In general, stereo-correlation methods require at least two capturing cameras making it possible to capture images of the object to be measured from two different angles and means for analyzing and processing the images output by these two cameras. The measurement principle is illustrated in FIG. 1. The surface of an object O is represented by a set of points M with coordinates (x,y,z) in a reference frame (X, Y, Z) linked to the object. In the reference frame (U1, V1) of the image plane of the first camera, the image of the point M is at M1 with coordinates (u1, v1) and in the reference frame (U2, V2) of the image plane of the second camera, the image of the point M is at M2 with coordinates (u2, v2). Knowing the two transfer matrices between the reference frame (X, Y, Z) and the reference frames (U1, V1) and (U2, V2), it is then possible to find the coordinates of each point M of the object, knowing the coordinates of its two projections M1 and M2 in the image planes of the two cameras.

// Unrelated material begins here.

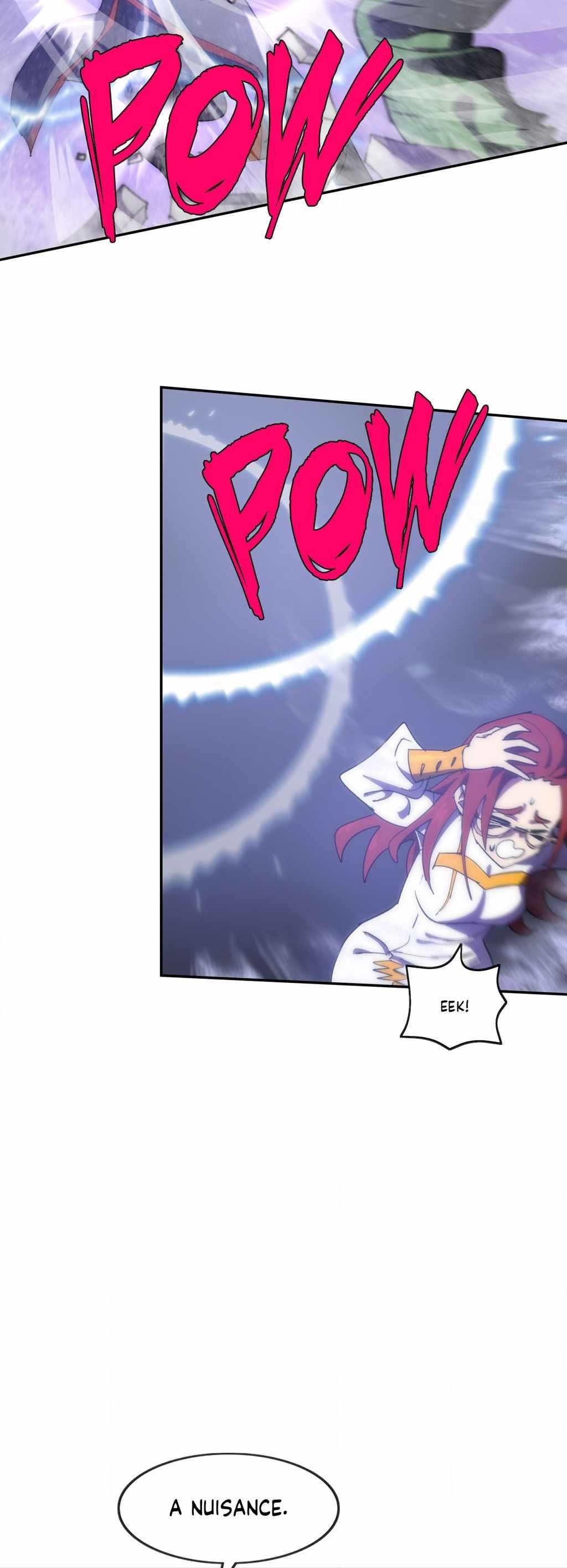 Read 4 Cut Hero EN Manga Online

To the extrinsic parameters that are these changes in reference frame are added intrinsic quantities such as the focal lengths of the lenses of the cameras, the scale parameters or else the coordinates of the focal points that characterize each of the image capturing means used. These two sets of parameters must be known in order to be able to reconstruct the three-dimensional surface shapes of the object. Note that the two sets of parameters can be grouped to define the transfer matrix associated with each camera; the latter being determined without necessarily having to distinguish between the intrinsic and extrinsic parameters.
Stereo-correlation methods include two main steps which are on the one hand a calibration step and on the other hand a spatial matching step enabling the determination of the geometrical features of the measured object. These first two steps can be followed by a third step of tracking the geometrical features over time. The latter step is useful when the object undergoes processing likely to induce deformation, for example when the object is subject to a mechanical strength test or during a manufacturing or assembly method.
As seen in the previous paragraph, it is essential to have full knowledge of the link existing between the reference frame of the object and the reference frame of the image planes of the two cameras. To perform this calibration step, a template—a three-dimensional calibration test pattern, the geometry of which is fully known—is used. By way of example, FIG. 2 represents the calibration of the image plane of the camera 1. The calibration test pattern ME is composed of one or of two planar surfaces forming a known angle between themselves. Each surface is covered with distinctive black and white geometrical shapes which can be rectangles or discs, for example. The test pattern in FIG. 2 is thus covered with a black and white checkerboard pattern.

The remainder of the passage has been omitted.